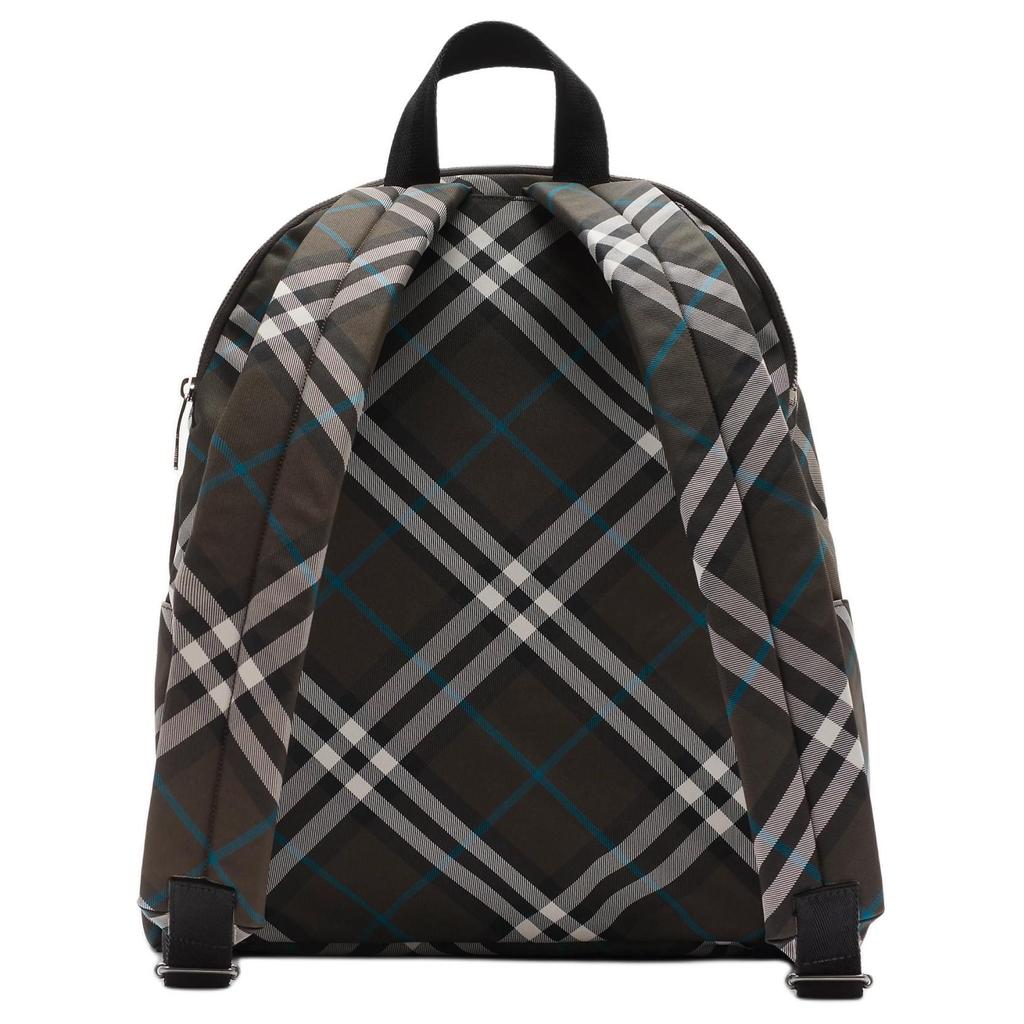 Burberry Polyester Backpack Men's Gray 81022381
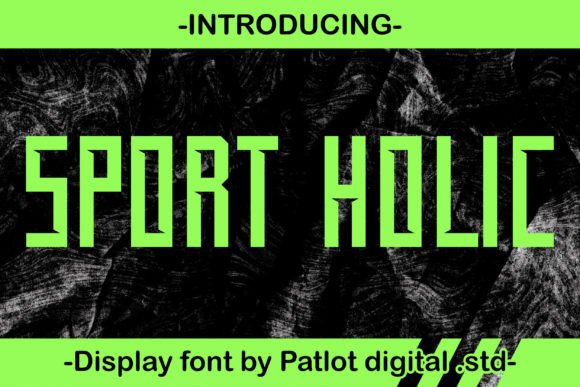 Sport Holic: A Bold Display Font for Dynamic Editorial Design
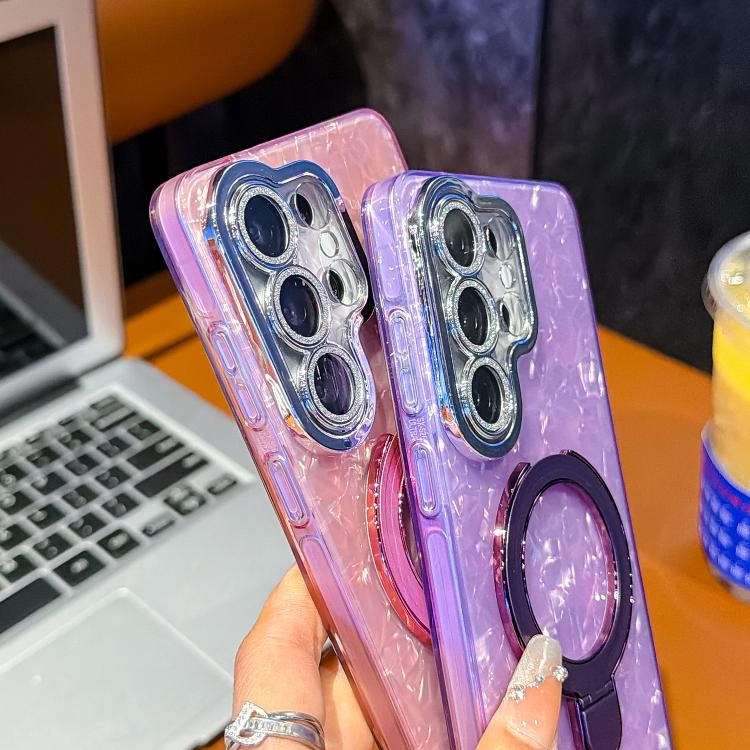 Pellicola glitter elettrolitico con supporto magnetico per Samsung Galaxy A07 5G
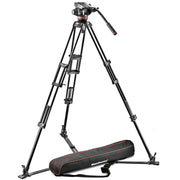 Manfrotto Tripod with fluid video head, Aluminium with Sliding Plate PRO VIDEO ALUMINIUM SYSTEM Ground spreader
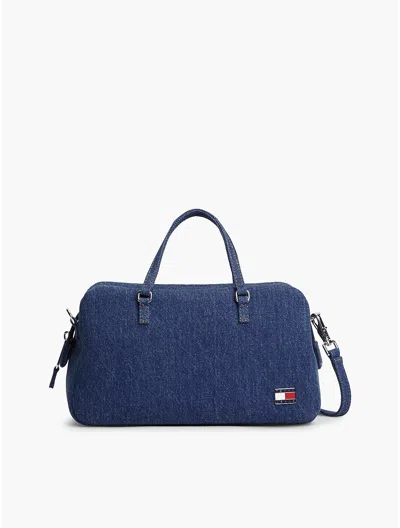 Tommy Hilfiger Tommy Jeans Denim Tote Bag In Denim Medium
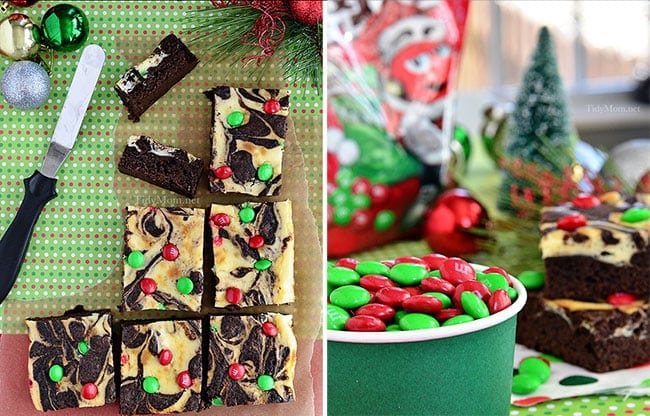 Marbled Brownies with M&M's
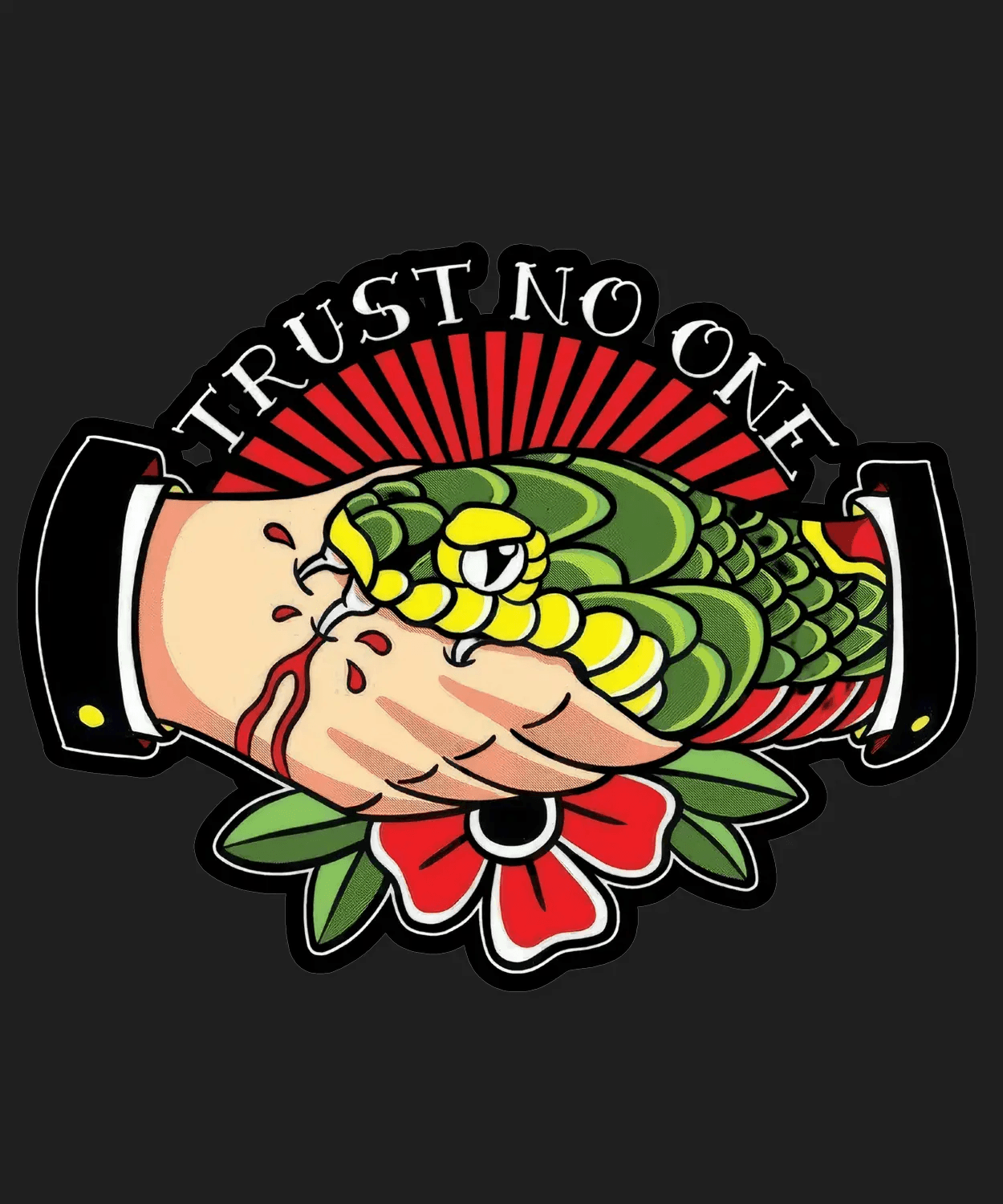 Trust No One - DTF Ready to Press (black_bg)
------------------------------------------------------------
Output each line of the records exactly. Any picture is skipped.

 Burberry Polyester Backpack Men's Gray 81022381
 Sport Holic: A Bold Display Font for Dynamic Editorial Design
 Pellicola glitter elettrolitico con supporto magnetico per Samsung Galaxy A07 5G
 Manfrotto Tripod with fluid video head, Aluminium with Sliding Plate PRO VIDEO ALUMINIUM SYSTEM Ground spreader
 Tommy Hilfiger Tommy Jeans Denim Tote Bag In Denim Medium
 Marbled Brownies with M&M's
 Trust No One - DTF Ready to Press (black_bg)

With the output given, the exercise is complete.